Proving Cauchy Inequality from Hölder's inequality?

Question

I wish to prove $$ \left(\sum_{i=1}^n a_ib_i\right)^2 \leq \left(\sum_{i=1}^n a_i^2\right)\left(\sum_{i=1}^n b_i^2\right) $$ for really numbers $a_1,\dots,a_n,b_1,\dots,b_n$, by using Hölder inequality.

My plan was to define random variables $X = a_i$ with probability $\frac1n$ and $Y=b_i$ with probability $\frac1n$. Then, using Hölder's, I can get

$$ E\vert X\cdot Y\vert \leq \left[\left(\frac{1}{n}\sum_{i=1}^n a_i^2\right)\left(\frac{1}{n}\sum_{i=1}^n b_i^2\right)\right]^{1/2} $$ and by squaring that I can get the RHS correct.

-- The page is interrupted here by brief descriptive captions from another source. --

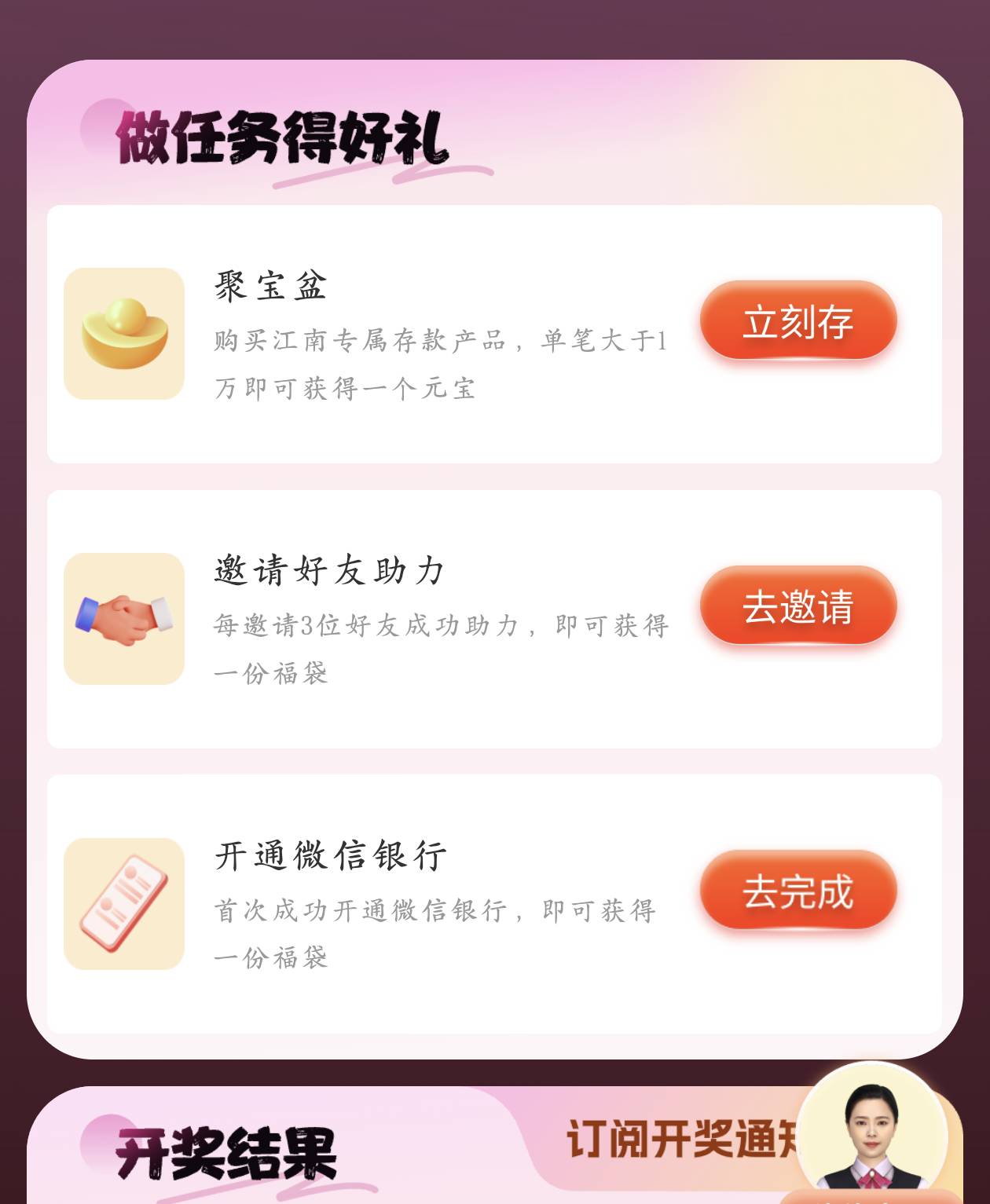 任务都没有  玩个蛋

62 / 作者:少悲伤常明媚 / 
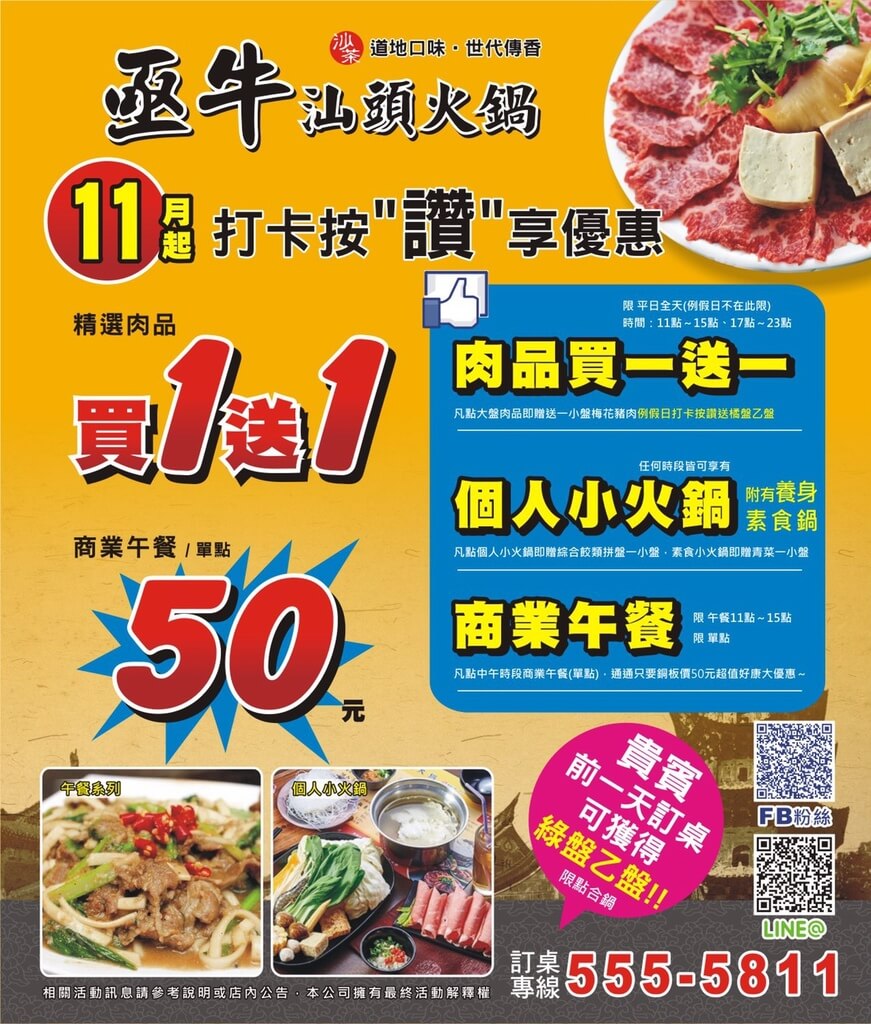【高雄】亟牛汕頭火鍋│高CP值個人汕頭鍋.桑尼瘦不了 【高雄】亟牛汕頭火鍋│高CP值個人汕頭鍋.桑尼瘦不了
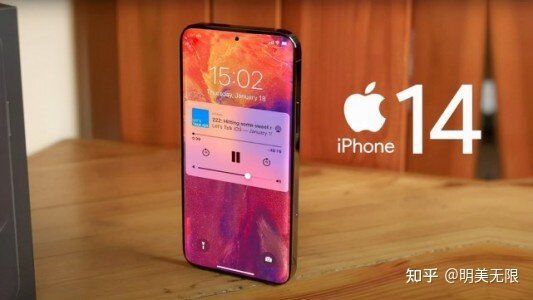 有哪些关于苹果 iPhone14 新机的配置信息分享？-1.jpg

However, the LHS is not correct with this definition of $X,Y$. Specifically, $X\cdot Y = a_ib_j$ with probability $\frac{1}{n^2}$ so $$ E(X\cdot Y) =\frac{1}{n^2}\sum_{i=1}^na_i\sum_{j=1}^n b_j $$ which is where I'm stuck. Also, I don't quite see what $E\vert XY\vert$ would be since $a_i b_j$ can be negative, so the absolute value matters.

If $XY$ was uniformly distributed over $\{a_ib_i\}$ then I would be golden.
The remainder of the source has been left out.